Berg is far more ‘difficult’ than he is often given credit for; as ever, we
should do well not to confuse style and idea. Both conductor and orchestra
offered great orchestral clarity; that enhances rather than detracts from the
labyrinthine quality of Berg’s invention. Indeed, both soloist and conductor
conveyed a very strong sense of the Wagnerian melos; our thread through the labyrinth. Capuçon selected from a
commendably wide palette; he can paint in silver as well as gold, which
heighted the impact of the full, truly glorious ‘Romantic’ tone when we heard
it. Capuçon selected from a commendably wide palette; he can paint in silver as
well as gold, which heighted the impact of the full, truly glorious ‘Romantic’
tone when we heard it. I loved Roth’s – and the LSO’s – way with the Mahlerian
dance rhythms: ironic and yet affectionate. The ending of the Allegretto section and thus of the first
part seems tricky to get right; all too often, it sounds over-emphatic, but not
here. And the great contrast – how could it be otherwise? – with the Allegro opening of the second part was,
above all, dramatically meaningful, the dazzling ferocity of Capuçon’s playing
very much part of that. Indeed, I cannot recall hearing this music imbued with quite
such urgency. Again, the orchestral dances were wonderfully apparent, although
quite rightly, they seemed to have left Mahler behind: Lulu came to mind, even, dare I suggest it, Stravinsky. There was
for me here an unabashed modernity that truly convinced and which made the
appearance of Bach all the more moving and meaningful. It was not that the work
lost what we might call its ‘nostalgia’, but that the performance both questioned
and made sense of it.
Ein
Heldenleben continued the path
of the first half, both enjoyable and thought-provoking. I liked the way Roth
did not wait for silence; he simply turned to the orchestra and began, almost
as if clicking a switch, although there was certainly nothing mechanical about
what followed. This is such a difficult piece to bring off, the rest of the
work all too readily overshadowed by the opening; not for one moment did that
seem to be the case here. Perhaps the seeds for that actually lay in Roth’s way
with the opening, the ‘Hero’, who had swagger, to be sure, but plenty of light
and shade too, also a flexibility which simply sounded right. The LSO was on
splendid form throughout, heightening a growing conviction in my mind that both
work and performance were essentially ‘about’ music and musical performance. Adversaries
as piquant as one could hope for seemed to necessitate an almost Elgarian string
consolation. Throughout, the orchestra could sound vividly pictorial, but never
just that; under Roth’s leadership, it maintained an intense, ever-changing,
and yet coherent sense of musical drama.

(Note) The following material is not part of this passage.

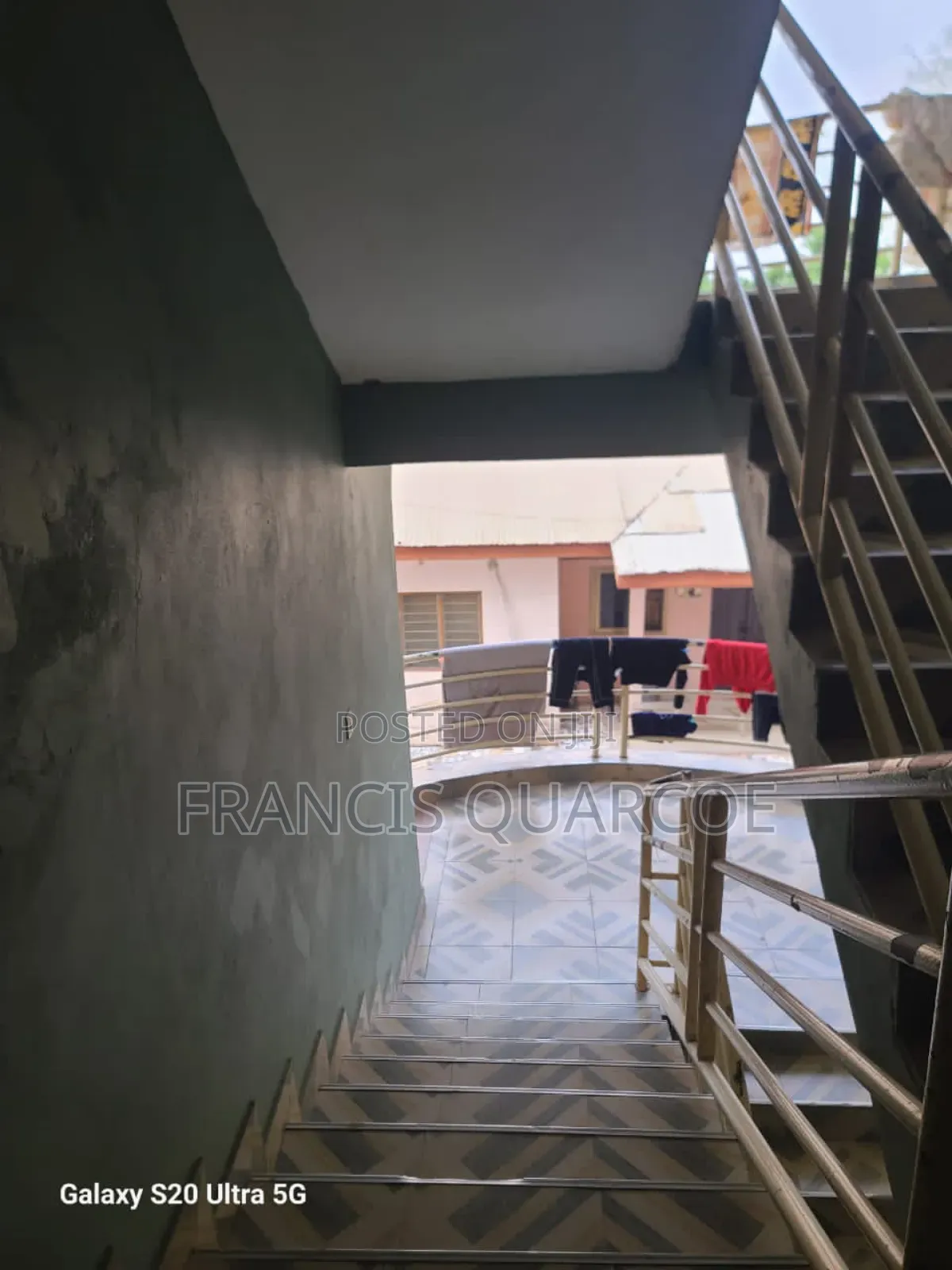 2bdrm Apartment in Francis Quarcoe, Ashomang Estate for rent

Roman Simovic’s violin solos were not
only technically and emotionally right. In themselves and in their orchestral
context, they seemed to be telling a captivating story, even if it were a story
one could not necessarily put into words, or which at the very least could not
be exhausted by a programme. Just as Strauss’s operas are so often about opera,
here the tone-poem seemed to be about tone-poetry.

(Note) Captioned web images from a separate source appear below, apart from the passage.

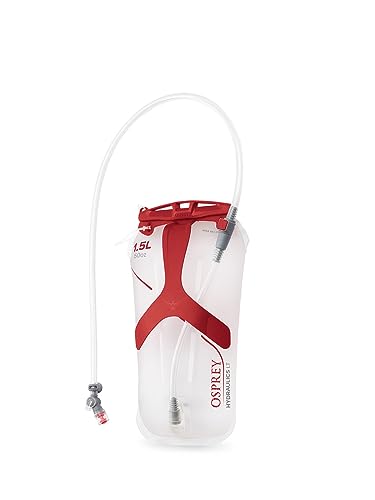 Osprey Hydraulics LT 1.5L Reservoir Trinkblase O/S Osprey Hydraulics LT 1.5L Reservoir Trinkblase O/S von Osprey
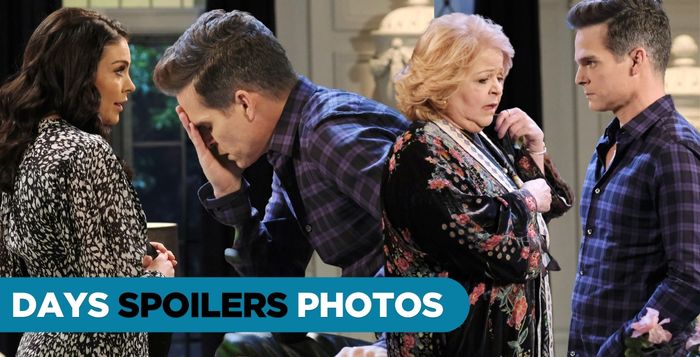 DAYS Spoilers Photos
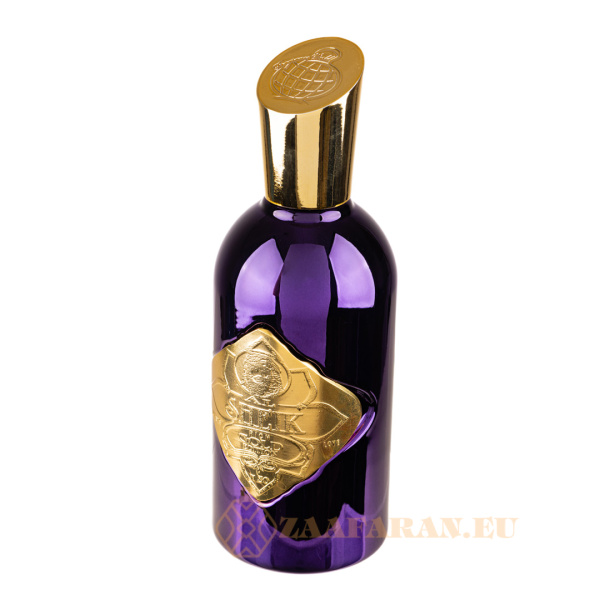 (plu01617) - Eau de Parfum Sheikh Rich Gold Edition, Fragrance World, Men - 100ml - Image 2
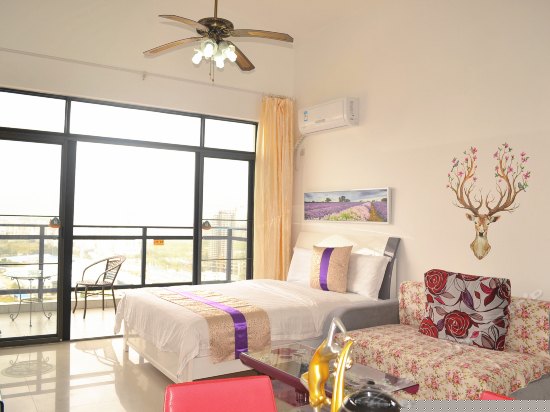 一房一厅豪华海景套房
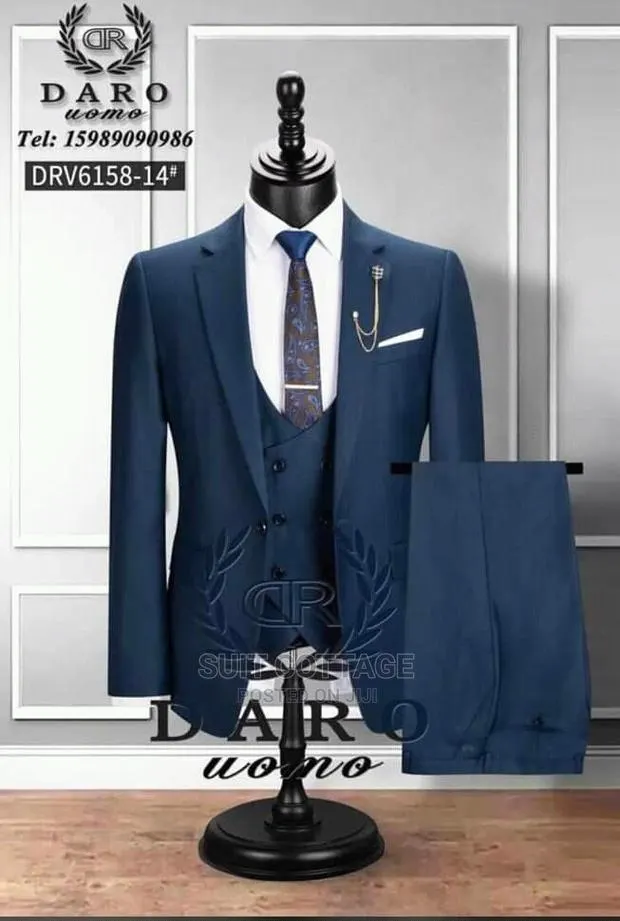 Quality 3pieces Suits · Photo 1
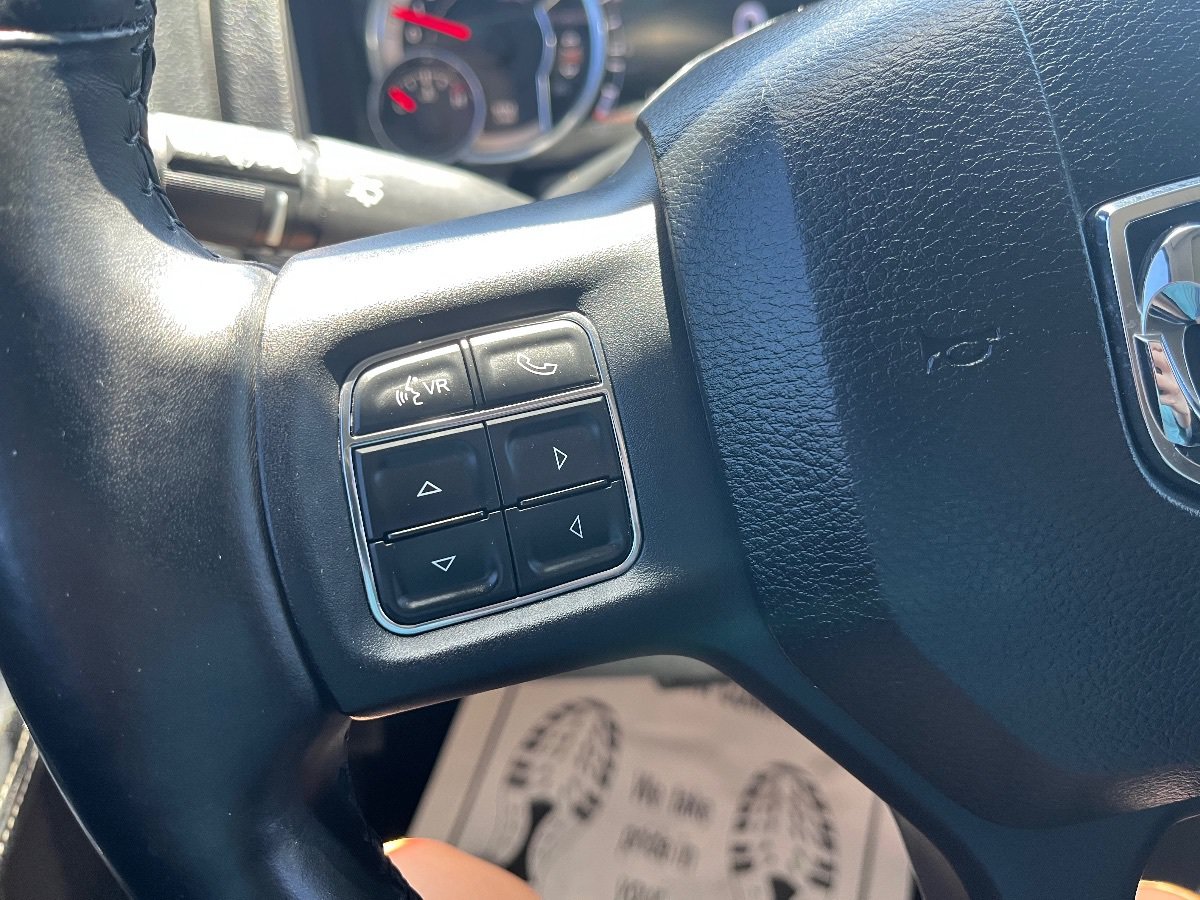 Used 2016 RAM 1500 Sport AWD/4WD image 19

The great orchestral-phantasmagorical
passages sounded, despite the acoustic, to be judged well-nigh perfectly,
Strauss’s materialism – this could never have been Webern’s way! – relished.
(How we still far too often misunderstand Strauss, his æsthetics, and his
æstheticism!) The battle seemed both to have a great deal at stake musically yet
also to be a game, a game, I felt, we were intended to enjoy; there were no
metaphysics. Roth’s shaping of the work convinced just as much as Daniel
Barenboim’s very different London performance had last year, the appearance
of Don Juan sounding as properly
climactic as I think I have heard, highlighting the extraordinary originality
of the music that follows. Whatever the non-redemptive force might be that is
hymned at the end – surely, just as in Strauss's operas, it is music! – it spoke wisely, even if, arguably particularly if, we actually might believe in redemption. It was possessed of just
the right sense of irony, quite without sentimentality, and thus had no need to
shout its presence, nor to shout about itself.